Когда машина притормаживает у забора, не утруждаюсь тем, чтобы надеть туфли, которые скинула в такси. Так и шлепаю босиком по зеленой траве. Вот где чувствую колоссальное облегчение. Как мало, оказывается, нужно для счастья, просто снять ненавистные каблуки, которые за весь учебный год и так осточертели.
Просовываю руку в калитку и открываю затвор. Толкаю деревянную изгородь и захожу во двор. Когда поворачиваюсь, чтобы закрыться, застываю с вытянутой рукой. В голове тысячи мыслей в этот момент проносится.
Откуда он знает, где я, ясно без вопросов и объяснений. Ермаков приставил ко мне охранника, ну или слежку, кому как удобнее все это называть.
— Привет, — Дем невесело взмахивает свободной рукой, потому что второй прижимает к себе большой букет пионов. Бледно-розовых, с огромными бутонами.
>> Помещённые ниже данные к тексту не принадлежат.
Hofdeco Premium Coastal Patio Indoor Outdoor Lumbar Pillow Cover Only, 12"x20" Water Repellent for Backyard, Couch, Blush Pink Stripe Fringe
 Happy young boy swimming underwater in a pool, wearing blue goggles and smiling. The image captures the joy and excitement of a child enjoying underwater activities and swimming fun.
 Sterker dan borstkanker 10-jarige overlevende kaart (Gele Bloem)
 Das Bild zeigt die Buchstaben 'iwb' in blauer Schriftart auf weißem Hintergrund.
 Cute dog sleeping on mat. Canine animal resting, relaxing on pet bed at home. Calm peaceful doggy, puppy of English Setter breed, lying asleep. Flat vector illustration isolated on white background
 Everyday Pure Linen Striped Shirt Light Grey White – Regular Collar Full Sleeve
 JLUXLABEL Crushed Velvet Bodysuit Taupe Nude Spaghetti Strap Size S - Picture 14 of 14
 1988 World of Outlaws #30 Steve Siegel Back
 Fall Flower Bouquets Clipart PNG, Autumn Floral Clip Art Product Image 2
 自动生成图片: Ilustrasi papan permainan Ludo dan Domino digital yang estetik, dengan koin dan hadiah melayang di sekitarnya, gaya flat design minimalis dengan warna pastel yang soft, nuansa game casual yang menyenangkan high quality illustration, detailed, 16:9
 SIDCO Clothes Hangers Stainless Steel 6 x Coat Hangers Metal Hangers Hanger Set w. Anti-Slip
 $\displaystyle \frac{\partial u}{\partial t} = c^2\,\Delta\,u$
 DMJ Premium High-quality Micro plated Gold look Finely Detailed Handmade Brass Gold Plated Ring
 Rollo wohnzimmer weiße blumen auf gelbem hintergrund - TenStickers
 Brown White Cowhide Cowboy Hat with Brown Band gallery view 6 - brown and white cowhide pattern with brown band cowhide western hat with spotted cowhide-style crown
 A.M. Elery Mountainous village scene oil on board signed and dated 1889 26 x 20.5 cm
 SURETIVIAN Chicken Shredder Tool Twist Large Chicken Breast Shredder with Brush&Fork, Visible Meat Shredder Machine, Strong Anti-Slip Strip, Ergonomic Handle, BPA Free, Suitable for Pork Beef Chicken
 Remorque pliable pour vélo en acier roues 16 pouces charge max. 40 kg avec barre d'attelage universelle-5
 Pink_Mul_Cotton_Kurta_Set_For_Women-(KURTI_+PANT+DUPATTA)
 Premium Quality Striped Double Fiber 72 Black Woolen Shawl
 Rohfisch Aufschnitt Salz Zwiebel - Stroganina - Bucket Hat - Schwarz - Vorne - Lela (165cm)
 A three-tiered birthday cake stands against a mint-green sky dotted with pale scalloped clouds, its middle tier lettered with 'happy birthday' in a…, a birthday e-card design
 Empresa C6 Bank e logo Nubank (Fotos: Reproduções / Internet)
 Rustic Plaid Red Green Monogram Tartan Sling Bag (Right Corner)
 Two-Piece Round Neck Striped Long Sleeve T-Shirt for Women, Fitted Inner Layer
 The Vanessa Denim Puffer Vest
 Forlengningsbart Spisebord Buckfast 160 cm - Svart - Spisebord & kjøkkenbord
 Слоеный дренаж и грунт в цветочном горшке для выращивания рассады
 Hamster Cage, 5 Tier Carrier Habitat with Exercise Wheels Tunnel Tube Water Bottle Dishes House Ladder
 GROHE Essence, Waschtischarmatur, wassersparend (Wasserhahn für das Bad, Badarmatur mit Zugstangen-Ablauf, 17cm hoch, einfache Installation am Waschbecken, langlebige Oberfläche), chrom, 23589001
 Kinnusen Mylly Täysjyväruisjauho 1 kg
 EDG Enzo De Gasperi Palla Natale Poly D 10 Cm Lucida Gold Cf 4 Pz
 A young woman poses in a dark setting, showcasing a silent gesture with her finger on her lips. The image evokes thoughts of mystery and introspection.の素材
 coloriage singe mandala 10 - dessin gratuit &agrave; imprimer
— Привет, — сглатываю вязкую слюну, во рту почему-то как-то резко становится сухо. — Ты зачем тут?
Демид смотрит на свои наручные часы, потом на меня. Не понимаю, если честно.
— Двенадцать тридцать, — уточняет зачем-то. Словно я спрашивала у него, который час.
— И?
— Ты забыла?
— О чем? — морщу лоб, хаотично пытаясь понять, что он вообще такое несет и что я, блин, должна вспомнить.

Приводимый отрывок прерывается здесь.